Once the client and the therapist both feel it is time to move forward with exposures and a hierarchy has begun to be built, it is best to get started! Even if the hierarchy isn’t fully formed (and it is likely going to grow and change over time), exposure-focused session can begin.

Exposure and response prevention sessions may include both in-vitro and in-vivo exposure goals. In-vitro exposures are imaginal exposures and often times we will start with this. These exposures often require closing your eyes and imagining particular images, thoughts or scenarios. In-vitro exposures can also include script writing. This is where you will practice writing about the feared scenario or core fear. It is important to know that any exposure completed will be with your consent and endorsed readiness to begin.

In-vivo exposures are exposures where you are encountering something real and tangible. This could include holding an object, touching different objects or doing particular activities that challenge discomfort and anxiety resulting from OCD. An important part of recovery and healing from OCD are these exposures and being careful not to engage in compulsions during the activity. Due to the nature of outpatient therapy, sessions also may include planning exposures for homework that cannot be achieved in session. An example of this being to purposefully mess up compulsions relating to hygiene routine or going to a public restaurant and ordering a particular food. Everyone’s anxiety and OCD is different and thus every exposure hierarchy and treatment plan is going to look different.

My goal in writing this is to help lower worry surrounding this type of treatment. A therapist trained and specialized in OCD treatment would not approach any of this work unless you give consent and are feeling ready for each step on the hierarchy. Exposures are meant to be a little uncomfortable and anxiety provoking however very manageable and even fun.

I can say without a doubt that although every single exposure session I have led has been challenging for the client, it is always been approachable and we always find ways to laugh at the end. These sessions in my opinion end up being very fun! Often times we anticipate we won’t be able to handle the anxiety or discomfort that exposure sessions bring.
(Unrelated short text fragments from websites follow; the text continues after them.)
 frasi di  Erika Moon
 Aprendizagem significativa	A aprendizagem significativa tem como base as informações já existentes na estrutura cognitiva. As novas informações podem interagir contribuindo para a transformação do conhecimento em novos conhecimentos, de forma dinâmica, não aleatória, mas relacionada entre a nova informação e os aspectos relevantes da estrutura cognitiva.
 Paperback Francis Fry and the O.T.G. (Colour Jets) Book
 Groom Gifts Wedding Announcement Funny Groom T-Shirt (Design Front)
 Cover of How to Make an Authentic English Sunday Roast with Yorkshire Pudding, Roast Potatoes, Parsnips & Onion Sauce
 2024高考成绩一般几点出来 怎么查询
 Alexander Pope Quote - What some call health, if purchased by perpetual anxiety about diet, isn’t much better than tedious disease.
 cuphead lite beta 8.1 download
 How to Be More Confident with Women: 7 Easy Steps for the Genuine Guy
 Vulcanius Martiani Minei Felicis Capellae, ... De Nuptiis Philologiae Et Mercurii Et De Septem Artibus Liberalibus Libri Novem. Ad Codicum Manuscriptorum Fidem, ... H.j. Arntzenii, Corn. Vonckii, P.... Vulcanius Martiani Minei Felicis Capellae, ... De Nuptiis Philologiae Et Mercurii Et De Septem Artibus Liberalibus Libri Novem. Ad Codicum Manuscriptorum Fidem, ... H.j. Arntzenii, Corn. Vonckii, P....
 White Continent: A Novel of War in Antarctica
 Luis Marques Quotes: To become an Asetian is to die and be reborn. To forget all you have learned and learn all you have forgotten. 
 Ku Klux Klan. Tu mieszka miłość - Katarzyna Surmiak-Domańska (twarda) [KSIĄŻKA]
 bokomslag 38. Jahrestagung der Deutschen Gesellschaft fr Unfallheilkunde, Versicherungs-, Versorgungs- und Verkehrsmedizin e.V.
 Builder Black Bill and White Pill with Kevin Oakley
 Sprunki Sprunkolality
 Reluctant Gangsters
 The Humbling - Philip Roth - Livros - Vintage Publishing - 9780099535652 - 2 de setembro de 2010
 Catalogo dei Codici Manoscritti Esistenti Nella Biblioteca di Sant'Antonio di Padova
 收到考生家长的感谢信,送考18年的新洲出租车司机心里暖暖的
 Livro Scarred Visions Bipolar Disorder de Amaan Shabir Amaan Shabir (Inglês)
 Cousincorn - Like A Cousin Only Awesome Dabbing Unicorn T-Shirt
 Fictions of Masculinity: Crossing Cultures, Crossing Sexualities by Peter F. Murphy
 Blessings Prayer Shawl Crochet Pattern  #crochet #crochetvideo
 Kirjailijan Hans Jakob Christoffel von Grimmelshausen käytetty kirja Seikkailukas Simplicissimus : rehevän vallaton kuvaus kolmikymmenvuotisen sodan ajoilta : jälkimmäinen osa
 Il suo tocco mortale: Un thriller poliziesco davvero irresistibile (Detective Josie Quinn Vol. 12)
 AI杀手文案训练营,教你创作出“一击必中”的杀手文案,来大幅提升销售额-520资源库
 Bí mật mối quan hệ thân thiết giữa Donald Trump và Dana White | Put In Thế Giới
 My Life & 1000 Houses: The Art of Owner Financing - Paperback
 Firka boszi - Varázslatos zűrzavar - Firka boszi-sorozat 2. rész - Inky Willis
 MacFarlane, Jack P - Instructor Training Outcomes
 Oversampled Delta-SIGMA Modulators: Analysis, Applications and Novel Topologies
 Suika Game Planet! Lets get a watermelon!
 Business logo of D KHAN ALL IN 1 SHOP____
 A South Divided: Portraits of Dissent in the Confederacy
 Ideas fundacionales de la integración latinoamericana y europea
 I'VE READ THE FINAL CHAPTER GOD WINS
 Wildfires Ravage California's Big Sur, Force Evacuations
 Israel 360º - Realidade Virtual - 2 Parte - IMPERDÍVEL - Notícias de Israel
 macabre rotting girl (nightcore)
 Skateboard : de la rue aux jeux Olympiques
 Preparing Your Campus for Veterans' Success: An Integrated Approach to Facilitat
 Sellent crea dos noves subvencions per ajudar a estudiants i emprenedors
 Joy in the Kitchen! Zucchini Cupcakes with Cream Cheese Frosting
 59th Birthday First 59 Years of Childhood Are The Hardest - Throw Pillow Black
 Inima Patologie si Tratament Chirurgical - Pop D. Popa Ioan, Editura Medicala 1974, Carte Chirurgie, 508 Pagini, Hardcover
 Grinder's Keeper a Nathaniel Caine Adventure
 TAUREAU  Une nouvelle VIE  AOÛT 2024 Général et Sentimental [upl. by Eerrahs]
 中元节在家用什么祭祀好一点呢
I’ve never had a client express that an exposure we completed was too intense. At the end of the day, the exposures are meant to be approachable and achievable even if they are uncomfortable and intentionally anxiety inducing. I also have never had a client have an anxiety attack during an exposure session. This is simply not the goal of this work.

If you are considering finding a therapist who specializes in Exposure and Response Prevention, it might be helpful to ask the therapist ahead of time what their exposure sessions tend to look like. I’m a big believer that we can always find ways to make this work fun. It helps make this treatment easier to commit to and honestly as a therapist, much more enjoyable.

If you have questions about Exposure and Response Prevention therapy, please also consider checking out the IOCDF (International OCD Foundation) website. They are an incredible source of rich information on OCD and specific phobias as well as treatment options. They even have support groups available through their site!